I am thrilled to be a woman, but I am not a woman’s woman. I am more like GI Jane than Martha Stewart (though I certainly have no aversion to scarves or handmade jewelry or babies). When our young women went to Nauvoo to camp the year after I graduated from high school, I put up a lot of tents while the girls hugged and chattered about all the fun they were going to have, and while they stood in line for the bus home, I loaded gear. I preferred having my babies at home where nobody told me when to sit down. At a particularly trying time of my life, the Lord knew me well enough to say, “Nothing Matters But The Mission,” because the steel formed in my spine and I was then ready to move a mountain. I’ve always told my children, “I don’t mind pulling this handcart alone, but don’t drag your feet.” They quote it in unison with a grin and a hint of a salute when I even start the sentence. We aren’t anything like the orthodox family I grew up believing was the norm or ideal.
But we are ideally us, and I have so much more in common with the pioneer women who formed the Relief Society and grew its power and influence in the hostile desert of Utah than I ever imagined. My construct of true womanhood was a cultural mirage, and sadly, it interfered with my connection to an organization that could help me understand how to be a powerful and influential woman.
Last night I watched a remarkable woman teach principles of feminine leadership and was amazed at how much has changed in the last 25 years. More than ever, I can’t imagine what the world would do without Relief Society. I was especially interested in an experience, shared by President Beck, that highlights the profound power of women working intelligently together to change the world. If the leader of UN Women can take notes from the head of the 6-million-strong Relief Society, I’m pretty sure I can.
Saturday I worked for a good part of the day on an annual food drive. A lot of hands were involved. Our local Community Action organization crafted goals and strategies that will promote the greatest good in terms of long-term and short-term initiatives. They devised programs that allow the public to contribute. They collaborated with partner organizations, including United Way, the Boy Scouts, and branches of the military, with a defined and realistic contribution from each. These organizations then worked with their members to get the word out to the community about how a simple personal contribution could be maximized. A lot of people spent 5 minutes going through their pantries with a provided plastic bag to collect a few needed items, then set them out for boys in uniforms to pick up, driven by their faithful leaders. They delivered them to drop-off points, where they were loaded on trucks by volunteers and taken to a central storage facility where they were sorted. With a few staff, a hundred volunteers, and a lot of little boys, in a matter of a few hours hundreds of thousands of pounds of food were collected to feed the hungry.

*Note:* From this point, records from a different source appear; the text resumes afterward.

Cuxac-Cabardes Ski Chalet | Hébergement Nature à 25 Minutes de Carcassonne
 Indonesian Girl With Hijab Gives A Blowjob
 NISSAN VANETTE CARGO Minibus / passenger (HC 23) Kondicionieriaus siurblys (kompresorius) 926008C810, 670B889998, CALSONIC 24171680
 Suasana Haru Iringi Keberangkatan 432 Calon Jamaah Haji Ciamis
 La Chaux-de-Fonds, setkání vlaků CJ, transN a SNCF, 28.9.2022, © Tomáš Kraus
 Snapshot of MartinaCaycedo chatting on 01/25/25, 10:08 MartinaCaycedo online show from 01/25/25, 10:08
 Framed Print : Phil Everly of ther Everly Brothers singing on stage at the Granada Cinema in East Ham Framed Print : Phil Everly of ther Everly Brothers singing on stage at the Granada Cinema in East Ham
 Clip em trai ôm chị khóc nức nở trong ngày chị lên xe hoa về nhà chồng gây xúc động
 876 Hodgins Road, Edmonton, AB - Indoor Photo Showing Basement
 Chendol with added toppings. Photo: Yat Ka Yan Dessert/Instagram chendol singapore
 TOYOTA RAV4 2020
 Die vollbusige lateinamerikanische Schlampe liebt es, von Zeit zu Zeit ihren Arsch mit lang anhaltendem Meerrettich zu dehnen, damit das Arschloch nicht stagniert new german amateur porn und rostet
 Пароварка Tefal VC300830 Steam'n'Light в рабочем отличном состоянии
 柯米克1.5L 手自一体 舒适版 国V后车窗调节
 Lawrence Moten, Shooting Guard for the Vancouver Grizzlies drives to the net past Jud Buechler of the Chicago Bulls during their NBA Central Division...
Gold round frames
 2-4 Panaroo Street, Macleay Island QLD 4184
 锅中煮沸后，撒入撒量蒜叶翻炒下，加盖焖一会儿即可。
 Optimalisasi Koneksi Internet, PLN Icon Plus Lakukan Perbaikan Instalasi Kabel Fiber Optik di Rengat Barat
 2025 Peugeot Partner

At no point was any one individual’s expected contribution so overwhelming that it was prohibitive. Not one of the individuals who played a part could have created such an overwhelming store of resources to do a great good. In concert, however, the cumulative effect of a thousand small contributions is breathtaking. And the key is good leadership and widespread personal commitment within a cohesive structure any military would be proud of. That is the appeal of military leadership to this wanna-be-marine heart: communication, coordination, and accomplishment of bigger-than-life objectives.
We are all enlisted. The message that there is a work to be done with sleeves rolled up and our whole souls engaged is appealing to a great many more women than we might think. The power of a military is the intelligent, coordinated effort of multitudes of people who would never be enough on their own. If that were the vision we took to young women who are considering their value as a woman coming of age in a world with sincere problems that need addressed, I think more of them would sign up.
I would have, in a heartbeat.
I’m so glad to see the cultural mirage of ideal womanhood fading away to reveal bravery underneath beauty, courage undergirding kindness, and leadership coexisting with followership.
I am honored to be one of the few, the proud, the Relief Society. Oorah sista.
No cookies for me; I think I’d like the meatloaf, please.